Semantic Web – Week 2..

Into week 3 actually, I’ve been reading a few online blogs and articles and it seems like much of what Tim Berners-Lee (brought you such products as the WWW) promised concerning the semantic web has been in the works for a long time and has even failed a few times. Kind of disconcerting, no?

It seems like many people are stuck in the, “Let’s place content into its proper context before creating applications for it”, mentality. I’m starting to think that this semantic web idea is loosing steam. :-/

First off I’m not saying that I’m dumping the semantic web, no. I’ve seen some pretty cool applications using RDF that catalog information for the US concerning terrorist and their ties to other existing resources on file. (Profiles in Terror). What I’m having trouble with is how and why would an agent want to use an RDF formatted document when we can just write up custom apps to look at specific documents to get such data.
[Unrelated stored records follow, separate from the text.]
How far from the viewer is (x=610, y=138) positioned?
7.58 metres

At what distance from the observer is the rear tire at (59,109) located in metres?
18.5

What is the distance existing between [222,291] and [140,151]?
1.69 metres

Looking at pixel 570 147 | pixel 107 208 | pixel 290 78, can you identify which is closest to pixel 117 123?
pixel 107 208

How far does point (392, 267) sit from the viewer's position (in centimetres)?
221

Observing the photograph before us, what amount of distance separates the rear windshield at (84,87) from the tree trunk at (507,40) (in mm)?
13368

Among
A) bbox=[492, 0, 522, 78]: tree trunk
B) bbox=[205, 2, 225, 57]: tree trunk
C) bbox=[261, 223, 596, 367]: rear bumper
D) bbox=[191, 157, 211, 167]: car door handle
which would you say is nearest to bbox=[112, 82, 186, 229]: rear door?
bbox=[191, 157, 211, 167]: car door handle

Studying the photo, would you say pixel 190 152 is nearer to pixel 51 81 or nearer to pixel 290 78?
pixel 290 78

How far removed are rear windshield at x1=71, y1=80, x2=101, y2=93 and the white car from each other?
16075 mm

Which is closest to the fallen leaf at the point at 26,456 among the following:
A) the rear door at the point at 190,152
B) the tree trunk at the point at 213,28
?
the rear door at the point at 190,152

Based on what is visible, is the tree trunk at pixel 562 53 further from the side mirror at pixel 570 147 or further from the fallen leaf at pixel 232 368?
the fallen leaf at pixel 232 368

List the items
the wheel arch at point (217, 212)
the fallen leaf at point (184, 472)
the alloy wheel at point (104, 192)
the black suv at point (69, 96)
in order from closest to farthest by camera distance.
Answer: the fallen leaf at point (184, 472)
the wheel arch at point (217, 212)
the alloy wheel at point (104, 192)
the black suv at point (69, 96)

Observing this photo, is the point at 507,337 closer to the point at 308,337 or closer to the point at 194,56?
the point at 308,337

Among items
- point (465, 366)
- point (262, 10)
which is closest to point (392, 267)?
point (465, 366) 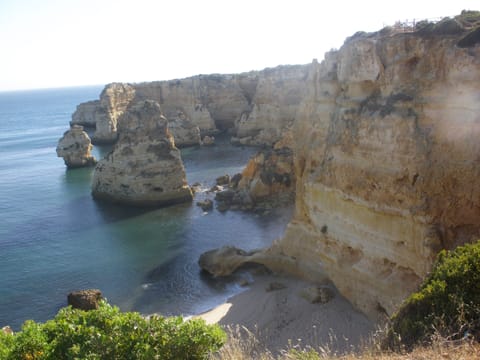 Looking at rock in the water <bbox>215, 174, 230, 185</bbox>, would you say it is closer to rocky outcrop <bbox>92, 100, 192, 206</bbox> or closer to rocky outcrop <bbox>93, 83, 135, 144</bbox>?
rocky outcrop <bbox>92, 100, 192, 206</bbox>

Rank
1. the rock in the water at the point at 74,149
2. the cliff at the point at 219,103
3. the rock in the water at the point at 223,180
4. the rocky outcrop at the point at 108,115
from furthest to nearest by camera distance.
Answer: the rocky outcrop at the point at 108,115, the cliff at the point at 219,103, the rock in the water at the point at 74,149, the rock in the water at the point at 223,180

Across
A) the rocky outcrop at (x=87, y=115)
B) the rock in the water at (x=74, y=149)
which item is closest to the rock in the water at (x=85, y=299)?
the rock in the water at (x=74, y=149)

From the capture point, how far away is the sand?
17297mm

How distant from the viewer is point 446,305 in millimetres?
9359

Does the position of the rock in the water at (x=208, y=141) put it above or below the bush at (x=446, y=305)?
below

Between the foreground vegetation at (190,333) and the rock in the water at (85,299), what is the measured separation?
12280mm

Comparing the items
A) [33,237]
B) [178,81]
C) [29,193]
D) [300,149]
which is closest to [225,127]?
[178,81]

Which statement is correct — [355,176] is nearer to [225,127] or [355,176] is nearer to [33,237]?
[33,237]

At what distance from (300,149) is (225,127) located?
58.8 metres

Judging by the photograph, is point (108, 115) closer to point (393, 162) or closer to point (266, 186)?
point (266, 186)

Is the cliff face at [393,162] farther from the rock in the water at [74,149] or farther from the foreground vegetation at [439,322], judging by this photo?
the rock in the water at [74,149]

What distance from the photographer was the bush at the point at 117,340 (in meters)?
8.98

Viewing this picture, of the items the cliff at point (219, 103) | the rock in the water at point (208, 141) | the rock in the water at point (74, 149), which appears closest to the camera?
the rock in the water at point (74, 149)

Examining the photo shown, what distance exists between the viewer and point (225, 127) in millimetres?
81312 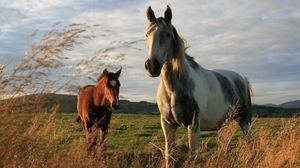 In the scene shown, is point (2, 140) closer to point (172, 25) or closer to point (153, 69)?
point (153, 69)

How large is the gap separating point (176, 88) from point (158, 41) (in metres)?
0.92

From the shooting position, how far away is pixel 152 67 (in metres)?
5.58

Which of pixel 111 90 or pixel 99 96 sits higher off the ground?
pixel 111 90

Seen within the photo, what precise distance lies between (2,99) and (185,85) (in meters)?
3.04

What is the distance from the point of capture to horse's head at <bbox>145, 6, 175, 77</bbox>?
18.5 ft

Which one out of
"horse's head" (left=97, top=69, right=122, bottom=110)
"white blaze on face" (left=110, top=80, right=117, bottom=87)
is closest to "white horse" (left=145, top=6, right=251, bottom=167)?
"horse's head" (left=97, top=69, right=122, bottom=110)

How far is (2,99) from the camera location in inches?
174

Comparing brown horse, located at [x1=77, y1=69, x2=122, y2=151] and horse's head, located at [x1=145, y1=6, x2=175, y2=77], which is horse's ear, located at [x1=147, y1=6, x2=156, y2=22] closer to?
horse's head, located at [x1=145, y1=6, x2=175, y2=77]

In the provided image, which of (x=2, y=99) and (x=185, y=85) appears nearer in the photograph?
(x=2, y=99)

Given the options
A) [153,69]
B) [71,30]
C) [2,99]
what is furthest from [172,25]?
[2,99]

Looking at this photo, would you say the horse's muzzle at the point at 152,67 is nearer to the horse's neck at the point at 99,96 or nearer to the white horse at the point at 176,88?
the white horse at the point at 176,88

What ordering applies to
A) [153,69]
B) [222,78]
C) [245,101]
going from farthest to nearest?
[245,101] → [222,78] → [153,69]

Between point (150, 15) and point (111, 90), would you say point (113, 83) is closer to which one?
point (111, 90)

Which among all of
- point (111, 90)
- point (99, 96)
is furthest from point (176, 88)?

Also, why cant we just use a combination of a database storage unit and a web service to promote sharing of our data? I don’t get it.

Here’s an example. The application I was looking over which was created by a Semantic web researcher, formatted mock data concerning terrorist their connections between factions, family ties, events, and other essential items a human agent might need to find/form connections between data. Since this was a semantic web application I’m assuming that all data was not centrally located, which means that the data came from different sources. Here’s my issue with such an approach, why not create a web service for each department that allows outside sources to query their data? Call it getTerroristByName(‘Name of the terrorist here’).

This would be a typical use case; Department “A” calls up the web service from Department “B”. Department “A” passes it the name of the terrorist and Department’s “B” web service would return all the data they contain with that specific string value. This approach would then eliminate the need for an RDF/OWL layer of complexity.